Her “Revelations” is a slim book that packs in dense layers of scholarship and meaning. The Book of Revelation, attributed by Ms. Pagels to John of Patmos, is the last book in the New Testament and the only one that’s apocalyptic rather than historical or morally prescriptive. It’s a sensorium of dreams and nightmares, of beasts and dragons. It contains prophecies of divine judgment upon the wicked and has terrified motel-room browsers of the Gideon Bible for decades.

Ms. Pagels places the book in the context of what she calls “wartime literature.” John had very likely witnessed the skirmishes in A.D. 66, when militant Jews, aflame with religious fervor, prepared to wage war against Rome for both its decadence and its occupation of Judea.

She deepens her assessment of the Book of Revelation by opening with a troubled personal note.

“I began this writing during a time of war,” she says, “when some who advocated war claimed to find its meaning in Revelation.”

Because he feared reprisals, John wrote this condemnation of Rome in florid code.

He “vividly evokes the horror of the Jewish war against Rome,” Ms. Pagels writes. “Just as the poet Marianne Moore says that poems are ‘imaginary gardens with real toads in them,’ John’s visions and monsters are meant to embody actual beings and events.” For example, most scholars now agree, she says, that the “number of the beast,” 666, spells out Emperor Nero’s imperial name.

The so-called Gnostic Gospels, the subject of Ms. Pagels’s breakthrough book, were discovered in 1945 at Nag Hammadi, in Upper Egypt. At that site scholars also found dozens of other previously unknown books of revelation. Among this volume’s central questions, then, is this one: How did John’s book of revelation become the only one included in the New Testament?

Ms. Pagels approaches this question from many angles but agrees with those scholars who have suggested that John’s revelations were less esoteric than many of the others, which were aimed at a spiritual elite. John was aiming at a broad public.

The others, she writes, “tend to prescribe arduous prayer, study and spiritual discipline, like Jewish mystical texts and esoteric Buddhist teachings, for those engaged in certain kinds of spiritual quest.”

What’s more, she writes, because John’s revelations end optimistically, in a new Jerusalem, not in total destruction, they speak not just to what we fear but also to “what we hope.”

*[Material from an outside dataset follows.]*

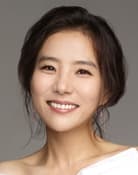 Seo Jung-yeon as Jin Soo-ja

John’s visions, throughout the centuries, have been applicable to almost every conflict or fit of us-against-the-world madness. Charles Manson read the Book of Revelation before his followers’ rampages; Hitler, encouraged by Joseph Goebbels, apparently read himself into the narrative as a holy redeemer, while the rest of the civilized world saw him as the book’s beast.

For a work that contemplates a hell made on earth, Ms. Pagels’s book rarely produces much heat of its own. It drifts above the issues like an intellectual satellite.

One of her great gifts is much in abundance, however: her ability to ask, and answer, the plainest questions about her material without speaking down to her audience. She often pauses to ask things like, “Who wrote this book?” and “What is revelation?” and “What could these nightmare visions mean?” She must be a fiendishly good lecturer.

The Book of Revelation is not prized as being among the best-written sections of that literary anthology known as the New Testament, but Ms. Pagels is alive to how its language has percolated through history and literature. Jesus, who appears on a white horse to lead armies of angels into war, will “tread the winepress of the fury of the wrath of God,” John wrote.

This image emerges again in “The Battle Hymn of the Republic,” the Union’s anthem during the Civil War: “Mine eyes have seen the glory of the coming of the Lord;/He is trampling out the vintage where the grapes of wrath are stored.”

John’s book has caused great mischief in the world, Ms. Pagels suggests, but it is a volume that can be clasped for many purposes. It has given comfort to the downtrodden, yesterday and today.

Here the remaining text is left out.